Prompt. Each line below must be transcribed exactly, and no picture may appear in the transcription.

Input data.
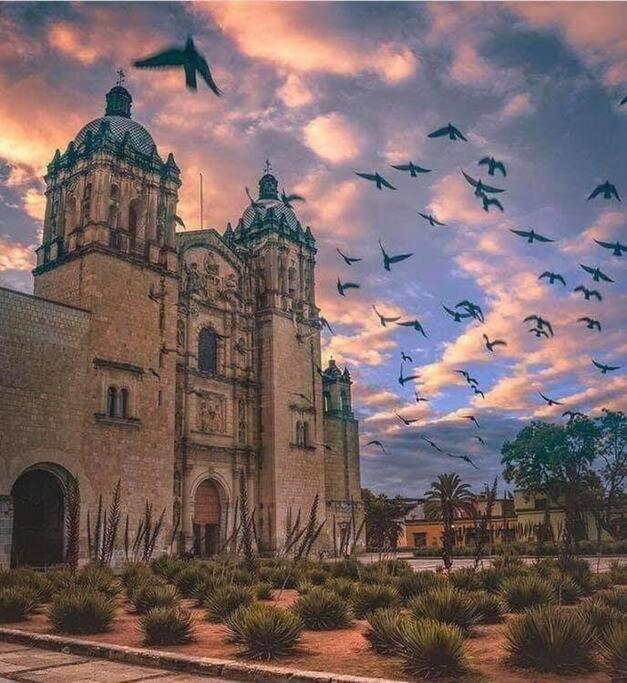 M1010 - The Best Place To Enjoy Oaxaca Zewnętrze zdjęcie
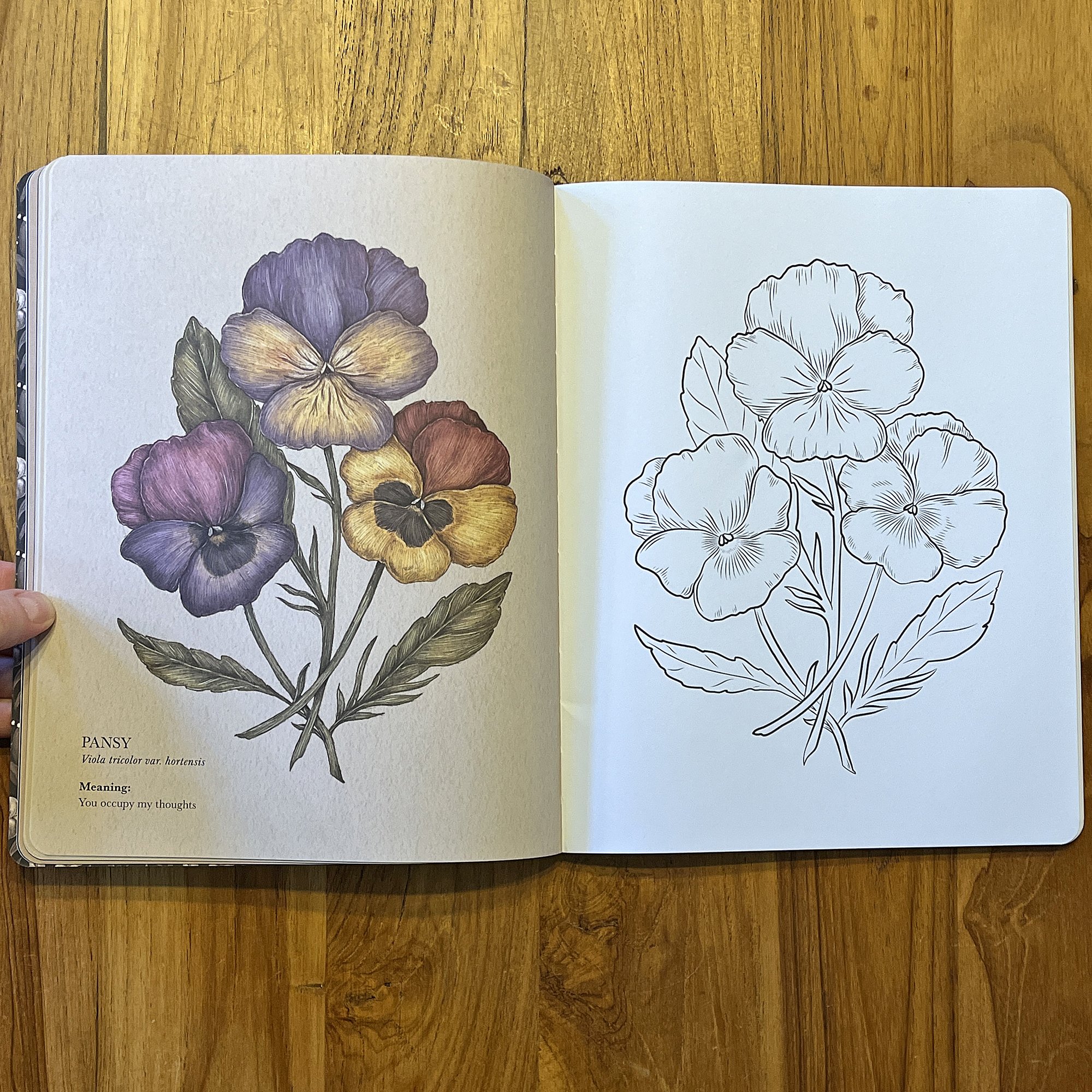 FlorigraphyColoringBook5.jpg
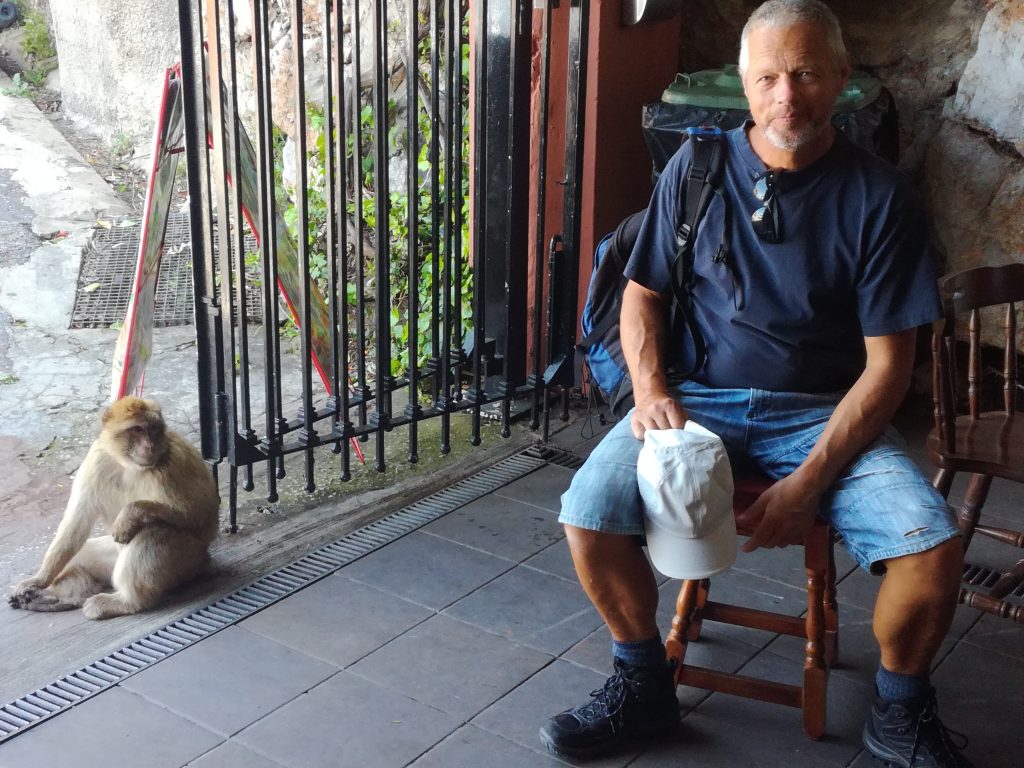 Aberne på Gibraltar klippen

Task result.
 M1010 - The Best Place To Enjoy Oaxaca Zewnętrze zdjęcie
 FlorigraphyColoringBook5.jpg
 Aberne på Gibraltar klippen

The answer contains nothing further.